OCR can use different algorithms for finding text. Each algorithm is optimized for a different type of image:

  • Document - A scanned or printed page of formatted text, such as a report, magazine, or letter.
  • Scene - An image of a general scene that contains text, such as a photograph or TV footage.
  • Hollow - A scene image containing outlined text, such as white characters with a black border which are often used in television subtitles.
  • Auto - The IDOL OCR library selects the algorithm automatically.

Languages

OCR supports many different languages. For a list of supported languages, see OCR Supported Languages. If you know that your files only contain text in a certain language or a small number of languages, you can improve both processing speed and accuracy by configuring OCR with this information.

Orientation

By default, OCR attempts to detect text that appears rotated, in 90-degree increments from upright. This means that KeyView can filter text from an image, even if it has been rotated or was scanned upside-down. If you know that your images contain only upright text, you can improve processing speed by disabling this feature.

Alphabet Detection

Sometimes, if you do not know the language of the input text in advance of processing, you might specify multiple languages. OCR requires more processing time for each additional language, especially when the languages span multiple alphabets (Latin, Cyrillic, Chinese, Arabic, and so on).
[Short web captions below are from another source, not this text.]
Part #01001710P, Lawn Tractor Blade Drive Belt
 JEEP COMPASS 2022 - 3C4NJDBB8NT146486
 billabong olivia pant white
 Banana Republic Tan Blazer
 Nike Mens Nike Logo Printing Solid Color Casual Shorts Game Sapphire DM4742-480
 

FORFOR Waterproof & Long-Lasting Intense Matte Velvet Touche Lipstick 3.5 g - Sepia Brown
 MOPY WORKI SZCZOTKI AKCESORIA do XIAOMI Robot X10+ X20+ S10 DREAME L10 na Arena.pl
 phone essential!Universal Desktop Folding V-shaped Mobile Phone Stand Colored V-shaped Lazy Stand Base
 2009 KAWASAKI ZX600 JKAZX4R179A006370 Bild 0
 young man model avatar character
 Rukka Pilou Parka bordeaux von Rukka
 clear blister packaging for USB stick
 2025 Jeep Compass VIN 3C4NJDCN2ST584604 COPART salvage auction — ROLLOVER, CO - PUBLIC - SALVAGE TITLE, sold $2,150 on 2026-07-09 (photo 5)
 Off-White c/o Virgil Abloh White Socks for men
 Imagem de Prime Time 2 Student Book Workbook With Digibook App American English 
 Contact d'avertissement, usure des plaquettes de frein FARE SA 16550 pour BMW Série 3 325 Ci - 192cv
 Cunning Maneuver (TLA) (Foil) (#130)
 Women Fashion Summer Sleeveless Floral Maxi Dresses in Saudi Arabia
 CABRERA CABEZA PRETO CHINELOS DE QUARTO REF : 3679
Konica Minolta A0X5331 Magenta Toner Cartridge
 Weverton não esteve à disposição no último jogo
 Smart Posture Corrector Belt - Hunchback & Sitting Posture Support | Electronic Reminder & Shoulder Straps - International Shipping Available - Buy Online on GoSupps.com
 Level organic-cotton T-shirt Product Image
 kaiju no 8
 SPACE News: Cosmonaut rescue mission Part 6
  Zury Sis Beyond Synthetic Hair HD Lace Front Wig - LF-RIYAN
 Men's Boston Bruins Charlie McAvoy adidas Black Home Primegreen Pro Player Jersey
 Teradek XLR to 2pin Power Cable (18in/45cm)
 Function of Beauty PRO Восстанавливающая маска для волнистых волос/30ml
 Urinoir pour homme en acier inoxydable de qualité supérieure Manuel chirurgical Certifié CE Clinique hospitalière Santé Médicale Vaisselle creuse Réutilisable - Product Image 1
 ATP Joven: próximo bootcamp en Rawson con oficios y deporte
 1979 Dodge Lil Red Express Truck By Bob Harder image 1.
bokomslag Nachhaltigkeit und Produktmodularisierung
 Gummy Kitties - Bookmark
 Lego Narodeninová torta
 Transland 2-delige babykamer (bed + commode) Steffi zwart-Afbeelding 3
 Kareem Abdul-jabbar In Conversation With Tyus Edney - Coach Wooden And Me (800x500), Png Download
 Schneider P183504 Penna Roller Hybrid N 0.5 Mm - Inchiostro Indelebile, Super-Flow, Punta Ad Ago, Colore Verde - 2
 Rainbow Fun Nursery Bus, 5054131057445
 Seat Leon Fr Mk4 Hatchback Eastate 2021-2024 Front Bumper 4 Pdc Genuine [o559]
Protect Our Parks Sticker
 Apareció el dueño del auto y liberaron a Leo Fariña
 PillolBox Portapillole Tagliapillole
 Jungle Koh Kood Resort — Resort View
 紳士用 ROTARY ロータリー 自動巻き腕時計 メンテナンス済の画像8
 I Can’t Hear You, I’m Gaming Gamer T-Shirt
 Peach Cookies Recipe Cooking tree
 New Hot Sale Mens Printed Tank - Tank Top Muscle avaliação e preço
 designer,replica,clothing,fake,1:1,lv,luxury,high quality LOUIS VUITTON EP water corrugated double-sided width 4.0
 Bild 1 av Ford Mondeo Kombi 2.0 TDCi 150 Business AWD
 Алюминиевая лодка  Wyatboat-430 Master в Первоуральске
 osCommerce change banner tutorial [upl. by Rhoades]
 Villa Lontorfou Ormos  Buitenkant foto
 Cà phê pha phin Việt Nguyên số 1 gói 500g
You can configure OCR to detect the alphabet for each image, before attempting to recognize characters. You can choose one of the following options.

  • Off. By default, OCR does not detect the alphabet. Use this option when you have specified a single language or multiple languages that use the same alphabet. OpenText also recommends this option when you expect an image to use multiple alphabets (for example, when there is English and Arabic text on the same page).
  • Listed. OCR detects the alphabet, but only considers alphabets that are represented in your chosen list of languages. This option can reduce the time required to recognize characters, because languages that do not match the detected alphabet are ignored. For example, if you set languages="en ja ko" (English, Japanese, and Korean) and OCR detects the Latin alphabet, OCR ignores the Japanese and Korean languages. OpenText recommends using this option when each source image uses a single alphabet, and the list of possible languages is known but spans multiple alphabets.
  • Any. OCR detects the alphabet that is used, and considers all alphabets. This option can reduce the time required to recognize characters, because languages that do not match the detected alphabet are ignored. If none of your chosen languages match the detected alphabet, OCR does not recognize characters and there is no output. OpenText recommends using this option instead of Listed when you want to reject images that do not match any of the specified languages.

If your input contains Chinese, Japanese, or Korean text with some ASCII characters, you can safely set this parameter to any of the available options, because OCR includes ASCII characters for those languages.